3. Die de minimis-Schwelle (Offenkundigkeit)

Оглавление

Da Rechtsfragen der Anwendung zwischenstaatlicher Gewalt stets politisch hochsensibel und oftmals nicht zweifelsfrei einzuordnen sind, sollte nicht jede völkerrechtswidrige Gewaltanwendung zugleich schon ein Aggressionsverbrechen darstellen. Art. 8 bis Abs. 1 führt deshalb zusätzlich eine sog. Schwellenklausel („threshold clause“) ein: Ein völkerrechtswidriger Akt der Aggression ist im Rahmen des IStGH-Statuts nur strafbar, wenn die Gewaltanwendung aufgrund ihres Charakters, ihrer Schwere und ihres Ausmaßes eine offenkundige („manifest“), also objektiv evidente Verletzung der UN-Charta darstellt.
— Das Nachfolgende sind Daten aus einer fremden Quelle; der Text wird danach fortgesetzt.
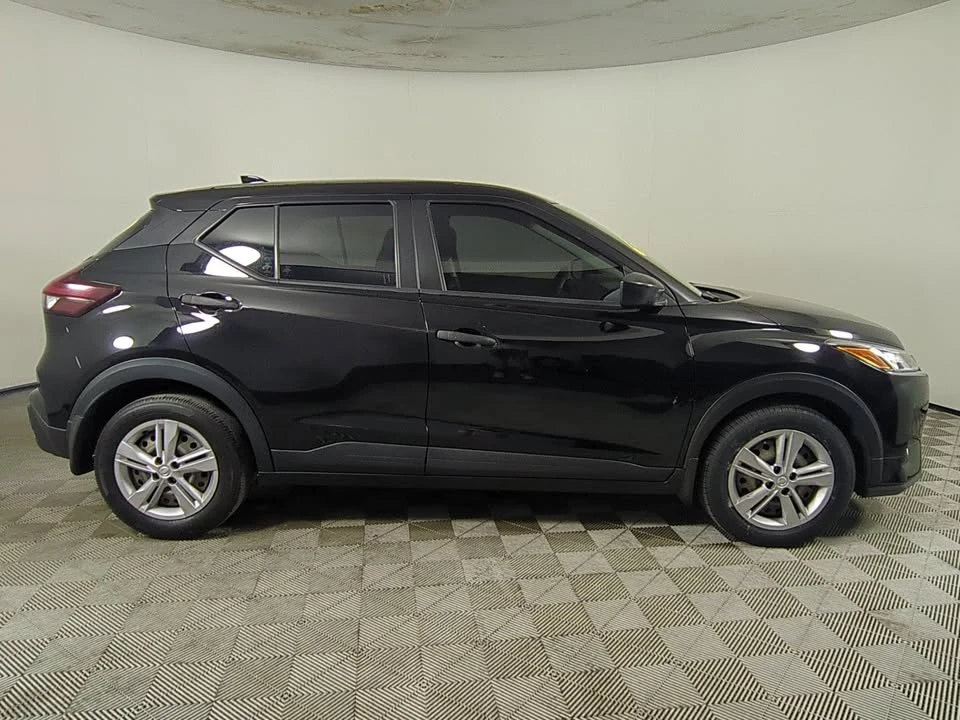 2023 Nissan Kicks - Image 2 of 14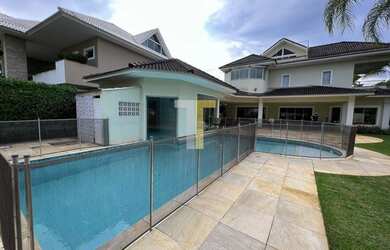 Imagem 5: CASA MANSÕES. Piscina, Churrasqueira, VarandaeÁrea de serviço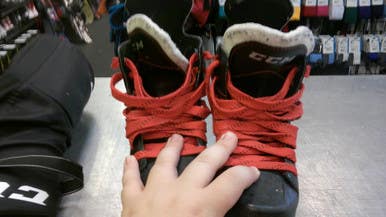 Used CCM FT340 Junior Hockey Skate Junior 02 11339-S000195875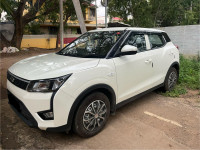 Pearl White Mahindra XUV300 W4 Petrol MT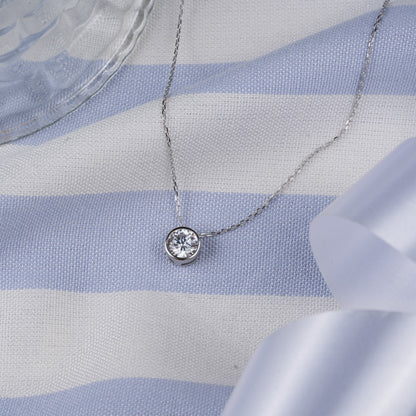 Silver Lustré Solitaire Pendant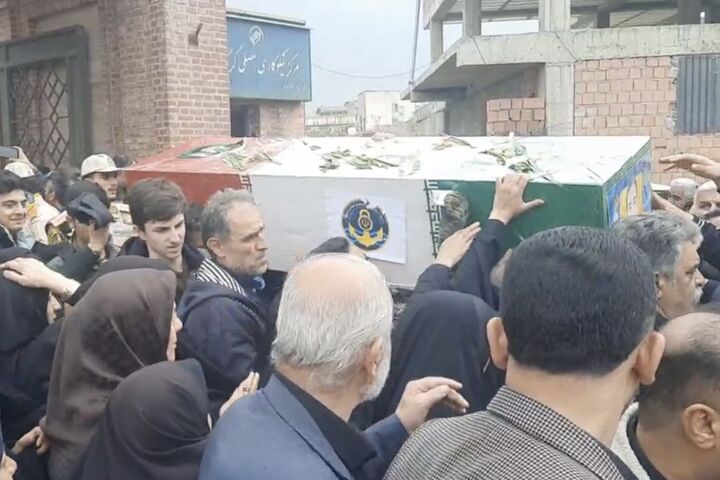 تشییع پیکر ۴ شهید ناو دنا در گرگان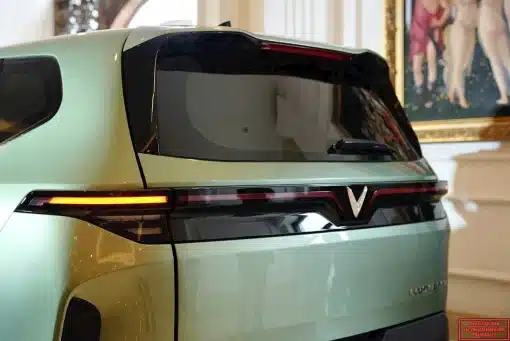 xe-vinfast-limo-xe-dien-7-cho-vinfast_20250609-15_vinfast-sai-gon_oto-vinfastsaigon.com_
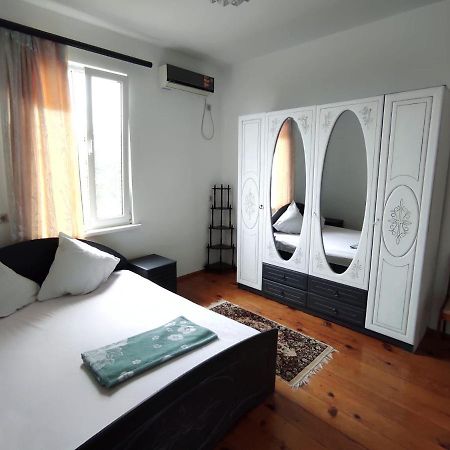 Guest House New Athos Exterior foto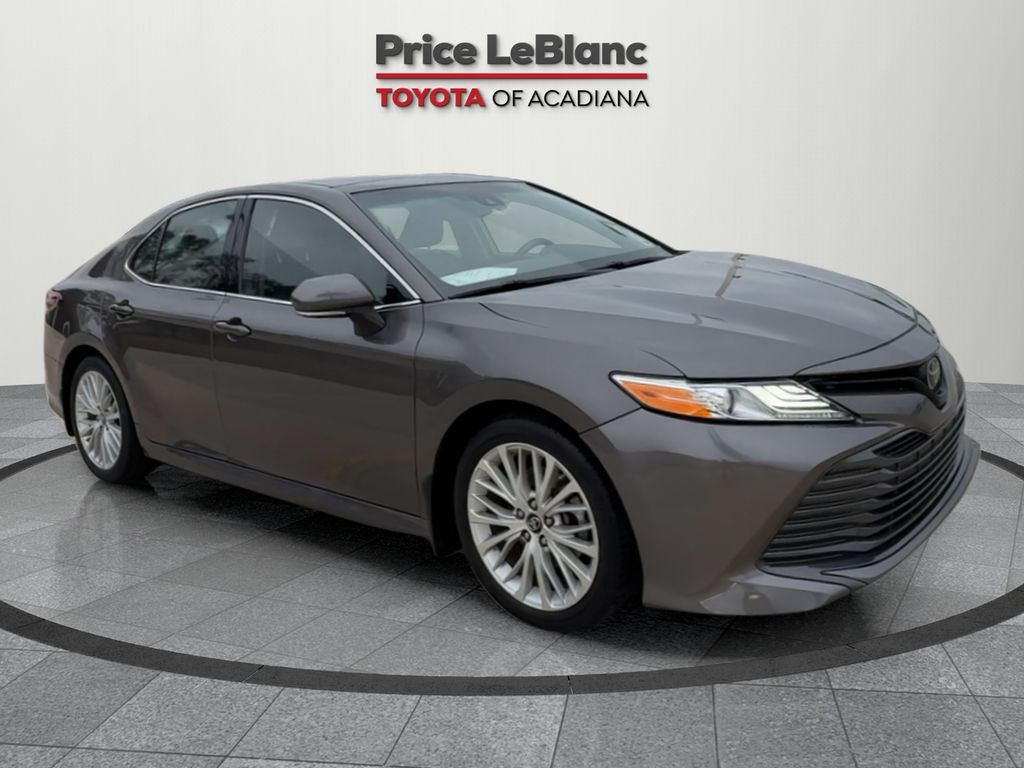 2019 Toyota Camry XLE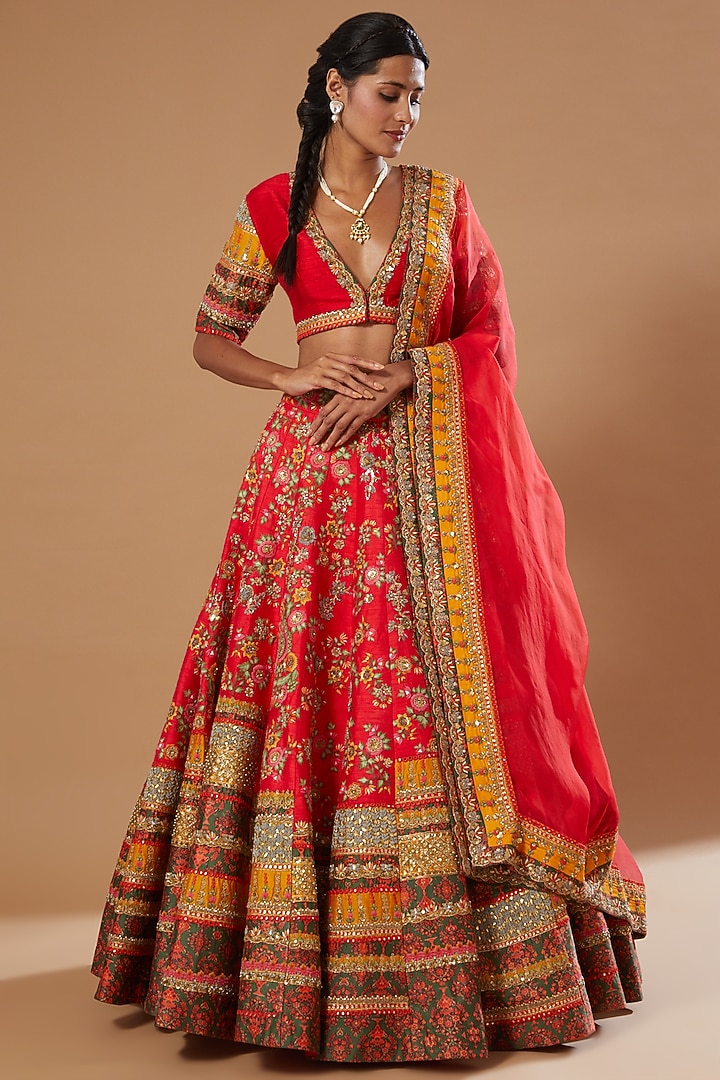 Red Raw Silk Chanderi Bridal Lehenga Set by Debyani at Pernia's Pop Up Shop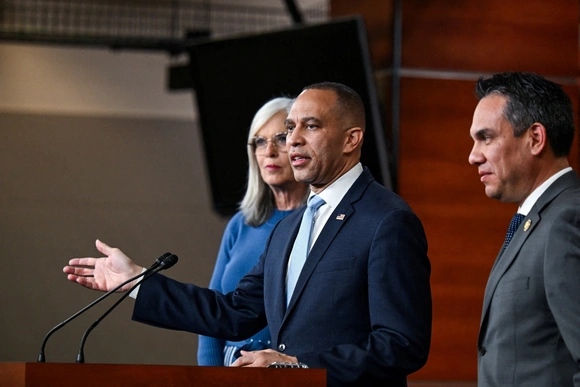 Quốc hội Mỹ chia rẽ về quyền hạn quân sự liên quan Iran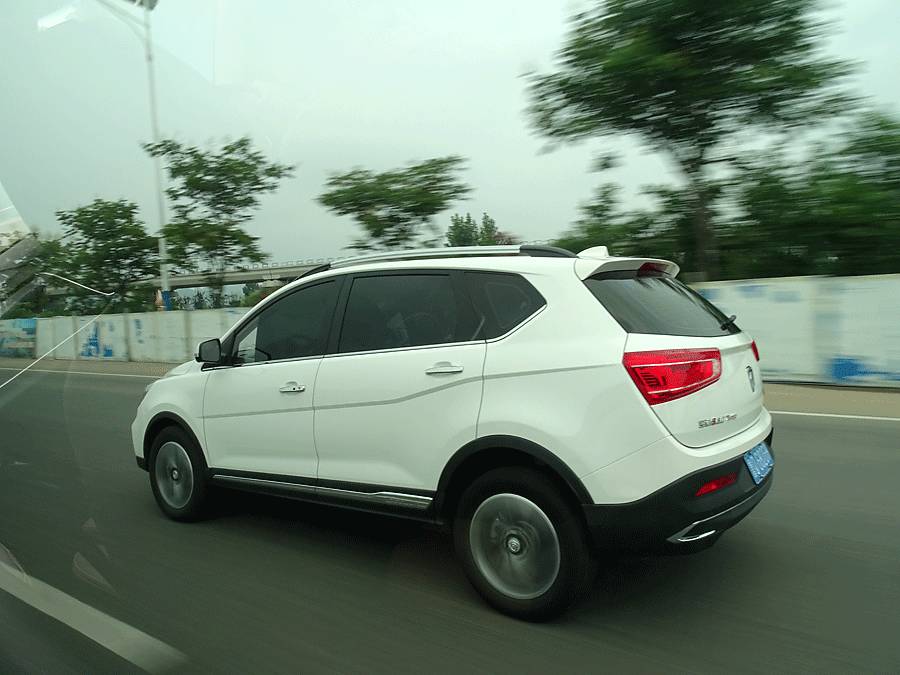 宝骏560半自动挡值得入手吗,2019款全新宝骏560自动挡顶配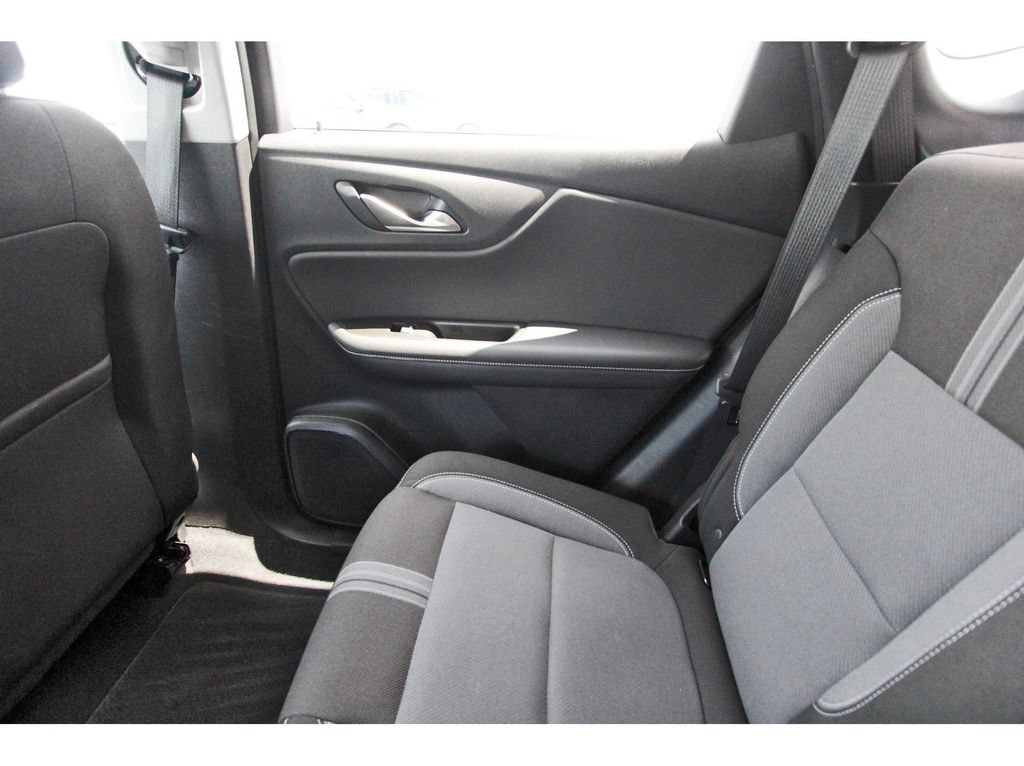 Used 2024 Chevrolet Blazer LT w/ Convenience Package FWD image 12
Diese sog. de minimis-Schwelle soll für die Zwecke des IStGH-Statuts die strafrechtliche Relevanz von Aggressionsakten unterhalb einer noch unbestimmten Bagatellschwelle (z. B. vereinzelte Grenzscharmützel, sporadische Gewaltakte) verneinen.

Was könnte z. B. den Charakter der Gewaltanwendung ausmachen? Das Element ist zumindest geeignet, auch die Zwecke der Gewaltanwendung mit zu bewerten: Diente die grenzüberschreitende Waffengewalt z. B. dazu, in einem anderen Staat Völkermord oder andere systematisch durchgeführte internationale Verbrechen (z. B. durch eine → humanitäre Intervention) zu verhindern, könnte man zu der Überzeugung gelangen, dies sei im Lichte der Ziele und Aufgaben der Vereinten Nationen ihrem Charakter nach keine offenkundige und somit strafrechtsrelevante Verletzung der Charta; ebenso könnte dies bei einer unmittelbaren Bedrohung durch einen anderen Staat gesehen werden (unter den Stichworten Präemption und Prävention diskutiert). Die zwischen den Vertragsstaaten auch in Kampala verabschiedeten „understandings“ bestätigen ebenso wie schon der Wortlaut der Regelung („und“), dass die Aggression im Lichte aller drei Komponenten eine offenkundige Charta-Verletzung darstellen muss. Die Elemente der Schwellenklausel müssen also kumulativ vorliegen. Eine offenkundige UN-Charta-Verletzung und damit die mögliche Strafbarkeit für einen aggressiven Staatenakt ist folglich bereits dann nicht mehr gegeben, wenn eine beachtliche wissenschaftliche Minderheit Rechtfertigungsgründe für ihn vorträgt. Die Schwellenklausel enthält damit erhebliche Interpretationsspielräume, die zu einer großen Ungenauigkeit führen; auch dies ist ein Umstand, der dem Erfordernis des strafrechtlichen Bestimmtheitsgrundsatzes nicht entspricht.